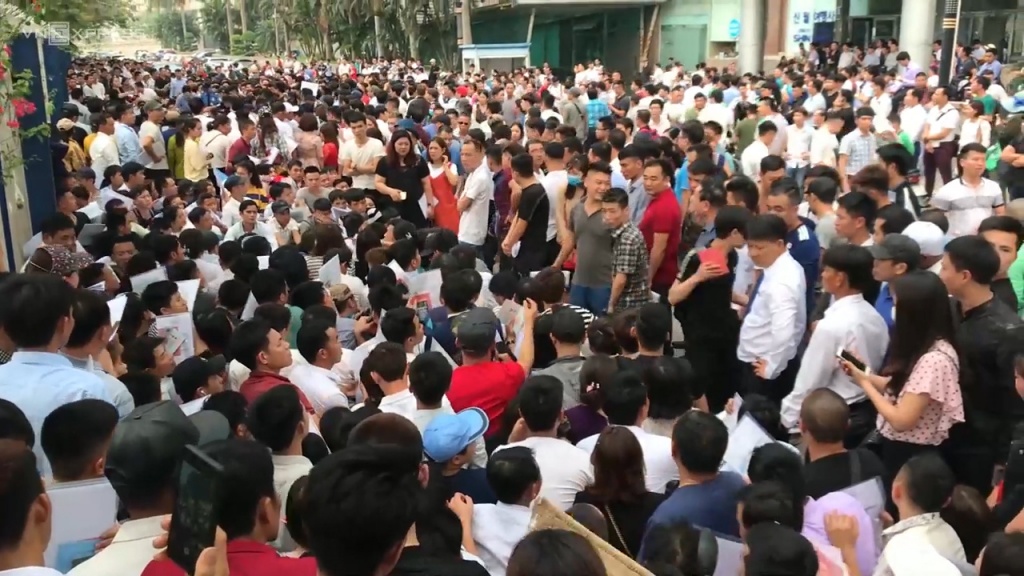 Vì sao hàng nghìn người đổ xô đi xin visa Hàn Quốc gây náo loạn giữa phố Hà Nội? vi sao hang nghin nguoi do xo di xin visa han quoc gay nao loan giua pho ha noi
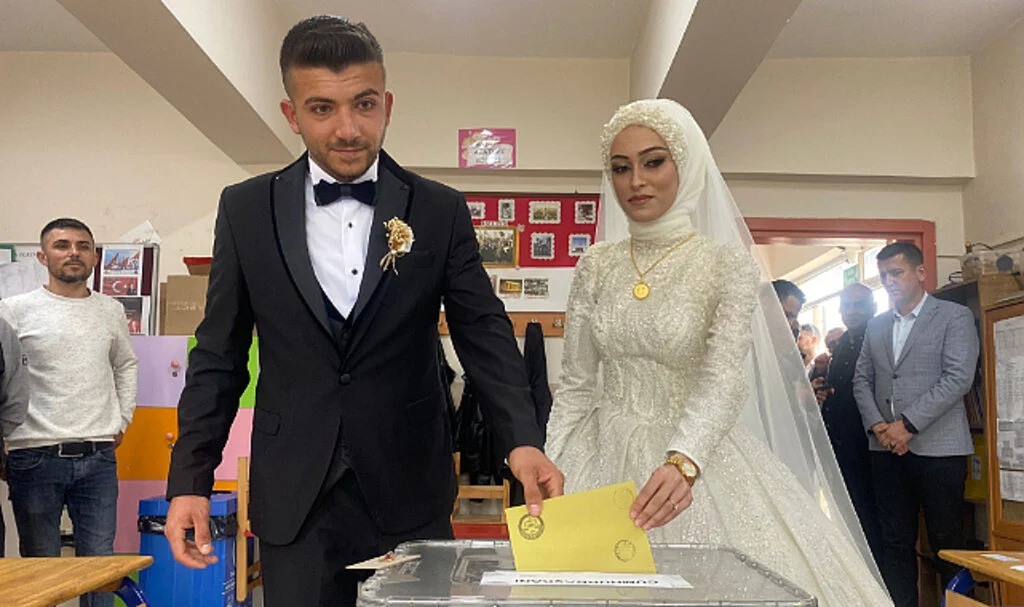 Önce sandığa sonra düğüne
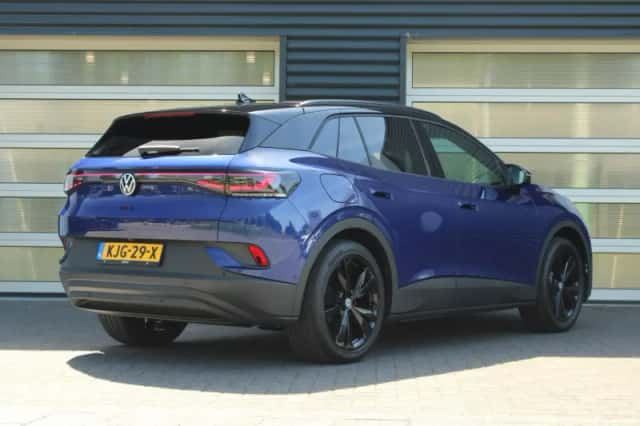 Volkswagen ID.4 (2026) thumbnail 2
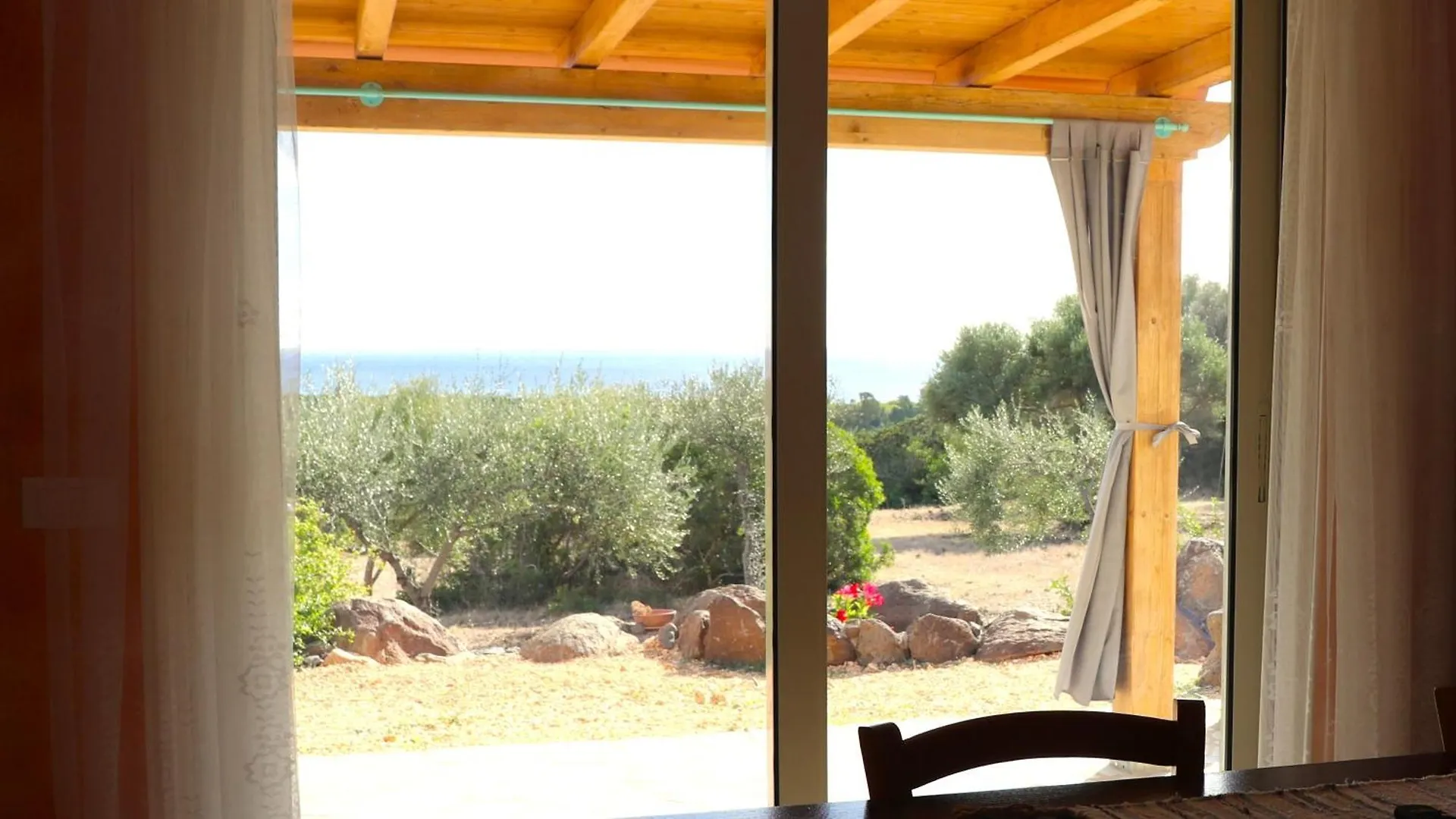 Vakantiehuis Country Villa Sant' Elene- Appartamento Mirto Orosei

* **Activity**: With pictures excluded, output the listing above exactly as it stands.

* **Response**:
 Vì sao hàng nghìn người đổ xô đi xin visa Hàn Quốc gây náo loạn giữa phố Hà Nội? vi sao hang nghin nguoi do xo di xin visa han quoc gay nao loan giua pho ha noi
 Önce sandığa sonra düğüne
 Volkswagen ID.4 (2026) thumbnail 2
 Vakantiehuis Country Villa Sant' Elene- Appartamento Mirto Orosei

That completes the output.